Lo studio ha analizzato i comportamenti e le opinioni di un campione di 627 lavoratori, per lo più laureati, in diverse aree di attività. Dalla contabilità alle vendite. Dal marketing al settore legale e ai servizi informativi. Tra loro ci sono top manager ma soprattutto quadri intermedi e funzionari di medio livello. Consulenti, formatori e figure emergenti dell’azienda. Insomma un ampio spettro di profili che danno corpo al fare dell’azienda.

La consegna e le regole taciute. Ebbene circa tre quarti delle persone che sono state dotate di questo strumento non lo spengono mai. Anche perché il 42 per cento dei lavoratori che riceve il cellulare aziendale, è convinto che la consegna di quell’oggetto voglia dire che di fatto si debba essere sempre reperibile. Sia che essi siano baby-boomers o appartenenti alla generazione X. D’altronde quasi mai viene detto il modo, e l’orario, di uso di quello strumento. La gran parte di chi riceve un cellulare aziendale così è costretto a cercare di “indovinare” attese e aspettative sulla base delle cultura e le regole implicite proprie dell’azienda in cui lavora. Con la conseguenza diffusa di un’estensione di diverse ore del tempo di lavoro.

Impossibile dire “no”. D’altronde quello del cellulare è una specie di trappola a cui è difficilissimo sfuggire. Molti dicono che non si potrebbe rifiutare l’offerta di un cellulare aziendale senza correre il rischio di essere penalizzato sul posto di lavoro o mettere a rischio un’eventuale promozione. In assenza di politiche guida chiare, che siano sostenute da comunicazioni appropriate circa le intenzioni della direzione aziendale, sono le prevalenti norme culturali a formare le convinzioni degli impiegati su come le tecnologie debbono essere inserite all’interno dei propri tempi di lavoro.

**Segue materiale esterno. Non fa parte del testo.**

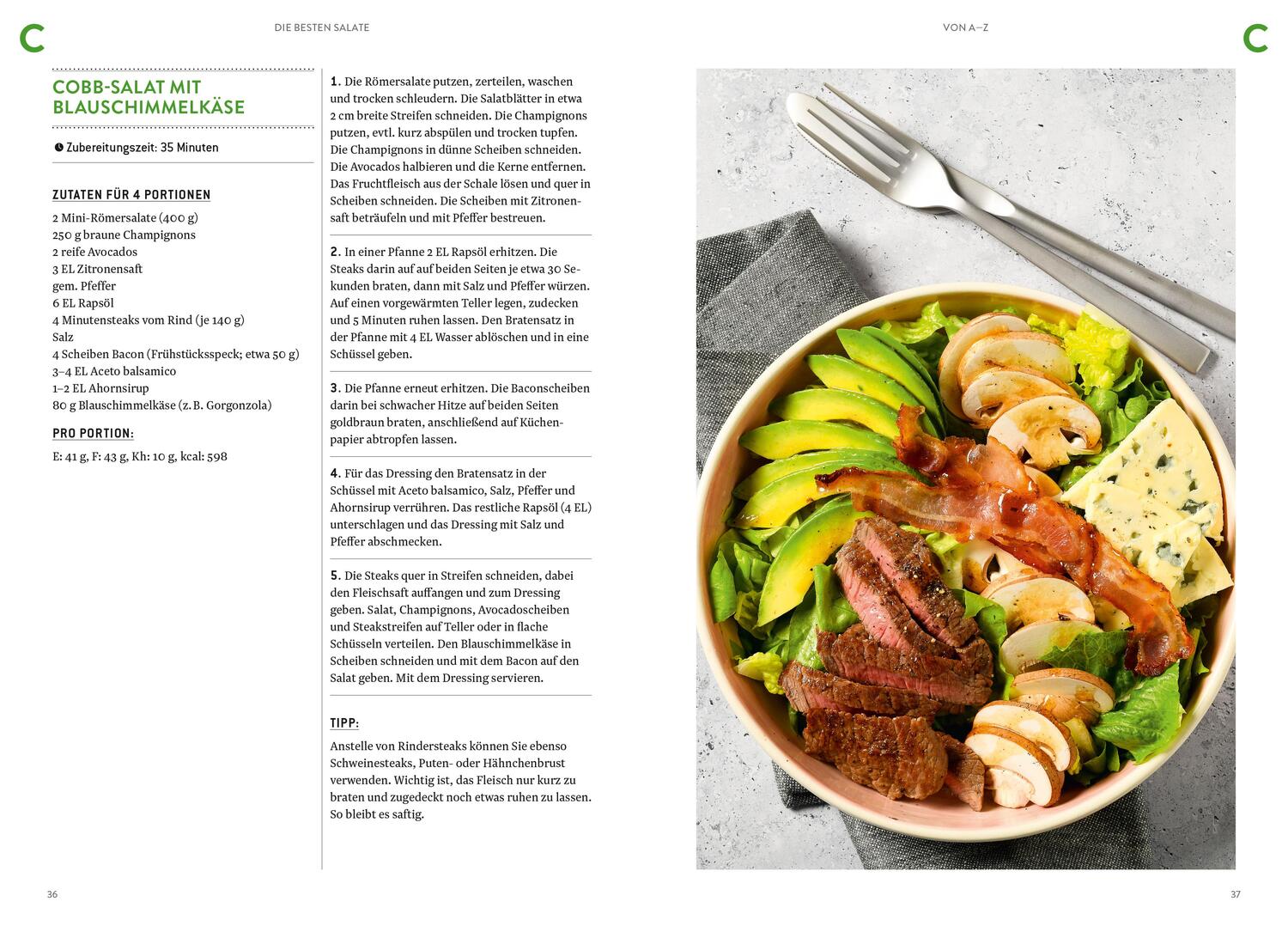 Bild: 9783767019379 | Die besten Salate von A-Z | Oetker Verlag (u. a.) | Buch | 224 S.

Meglio la separazione netta. E’ vero che per la gran parte gli strumenti migliorano le performance di lavoro, ma molti di loro dicono che preferirebbero una chiara separazione tra lavoro e vita privata A un’integrazione dove i confini tra ore di lavoro e ore di non lavoro sono troppo permeabili e valicabili. Solo un terzo ritiene che uno di questi strumenti sia parte del sistema di premiazione, mentre la metà pensa che avere uno di questi strumenti rappresenti e offra la dignità di status o importanza nell’organizzazione.

La necessità di regole chiare e il dono ingannevole. E’ molto importante così, concludono gli autori dell’indagine, che in aziende che vogliono favorire davvero l’equilibrio tra vita privata e vita professionale, si dia un messaggio molto chiaro di come e quanto la tecnologia deve essere usata in quello che tradizionalmente viene considerato il tempo personale

Se infatti non vengono chiarite le attese che ha l’impresa e i confini di uso, chi si ritrova con un cellulare aziendale tra le mani rischia di covare una sorta di risentimento per colpa di quell’ulteriore cordone ombelicale che gli viene offerto sotto la ingannevole veste di un dono.